■ ASSIGNMENT ■
Every line that contains "into" must be located and copied from the data.

============

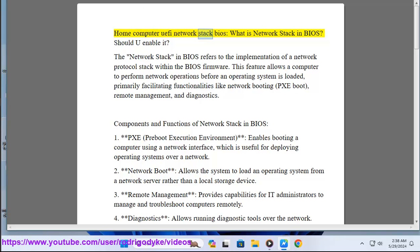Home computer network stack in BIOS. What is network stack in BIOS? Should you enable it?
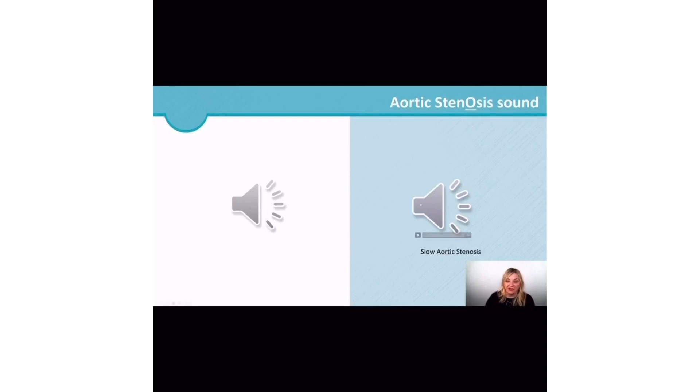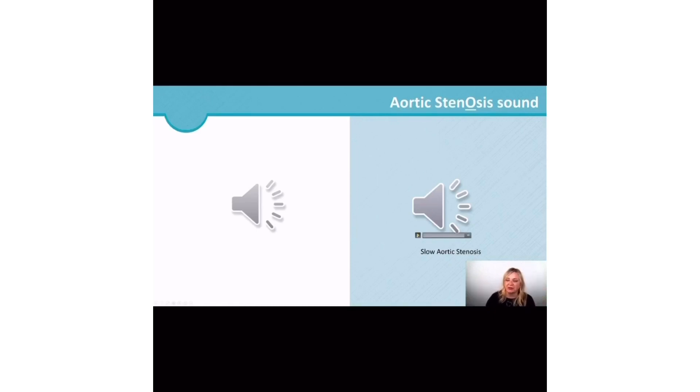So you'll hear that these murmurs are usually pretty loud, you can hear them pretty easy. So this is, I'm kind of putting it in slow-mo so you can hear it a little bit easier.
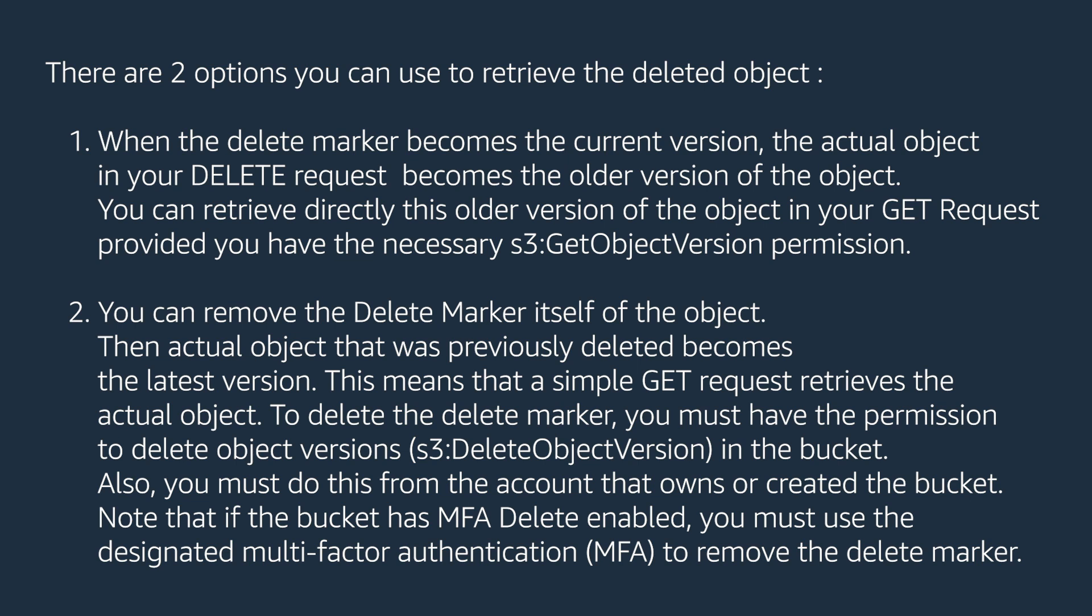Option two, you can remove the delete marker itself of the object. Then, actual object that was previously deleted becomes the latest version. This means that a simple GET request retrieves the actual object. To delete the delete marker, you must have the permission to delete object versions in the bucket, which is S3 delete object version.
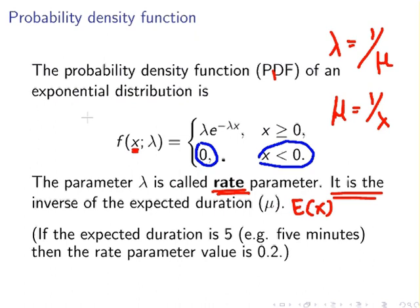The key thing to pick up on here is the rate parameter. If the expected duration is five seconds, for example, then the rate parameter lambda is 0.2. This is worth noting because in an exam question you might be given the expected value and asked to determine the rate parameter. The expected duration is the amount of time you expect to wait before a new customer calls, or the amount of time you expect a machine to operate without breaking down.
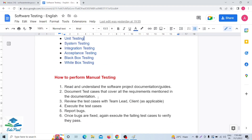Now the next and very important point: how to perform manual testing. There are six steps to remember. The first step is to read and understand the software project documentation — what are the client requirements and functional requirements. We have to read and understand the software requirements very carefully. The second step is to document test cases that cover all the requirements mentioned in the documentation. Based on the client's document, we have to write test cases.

============

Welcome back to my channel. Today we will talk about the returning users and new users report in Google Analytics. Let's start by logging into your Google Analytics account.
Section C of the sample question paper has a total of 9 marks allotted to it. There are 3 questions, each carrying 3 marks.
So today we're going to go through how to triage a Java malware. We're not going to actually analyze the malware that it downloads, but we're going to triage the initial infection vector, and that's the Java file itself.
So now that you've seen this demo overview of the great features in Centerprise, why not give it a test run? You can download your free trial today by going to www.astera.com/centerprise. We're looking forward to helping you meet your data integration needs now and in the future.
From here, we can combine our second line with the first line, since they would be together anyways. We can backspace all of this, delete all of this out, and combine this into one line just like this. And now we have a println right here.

============

■ FINISHED EXERCISE ■
Welcome back to my channel. Today we will talk about the returning users and new users report in Google Analytics. Let's start by logging into your Google Analytics account.
From here, we can combine our second line with the first line, since they would be together anyways. We can backspace all of this, delete all of this out, and combine this into one line just like this. And now we have a println right here.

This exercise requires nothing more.